Of course, there's also the fact that I didn't even get close to transfer last time, but supposedly the blue pills should help with that, as well as my Femara-less protocol. We can hope that was just a crap cycle and this one will go without a hitch, all the way to transfer.

This in-between state isn't just for this cycle... it's impacting our movement on the adoption application as well. Remember how before we decided this was the end, that I was hesitant about putting energy into two processes at once? I guess I know myself pretty well. I am having a hard time dedicating time and energy to both processes when I'm feeling so sad about our losses. Everything I've read says that you need time to mourn your loss of a biological child before moving full steam ahead with adoption, that it's fairest to you and to the baby you are creating a family for, together. We've done so much mourning already--we have no chance anymore of a biological child who is 50/50 both of our genes. That's gone. If the 2PNs don't work out well, then we officially lose Bryce's genetic contribution, and while we've been mourning that, now it will be totally beyond the realm of possibility. Then, our last effort for pregnancy will be my genes and our sperm donor's genes... and if that doesn't work out then we will be done, done, done. So we're mourning piecemeal, one string of DNA at a time.
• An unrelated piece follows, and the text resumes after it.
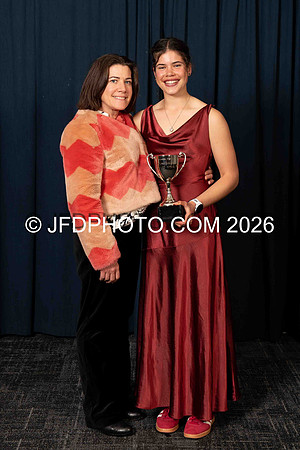 BHS Sports Awards 2026, File - 087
It does reaffirm how excited we are for a totally new process, for a renewed sense of hope in creating a family, for being equal partners in every way to fill the emptiness in our home and our hearts. That the genetic loss has already been underway eases our mourning process. In theory. In reality, I am finding that my feelings are pretty raw and sad now that we are really in the final throes of our dream to experience pregnancy as a couple. Still able to see the promise and the joy that can be ours through a different pathway, but it's hard.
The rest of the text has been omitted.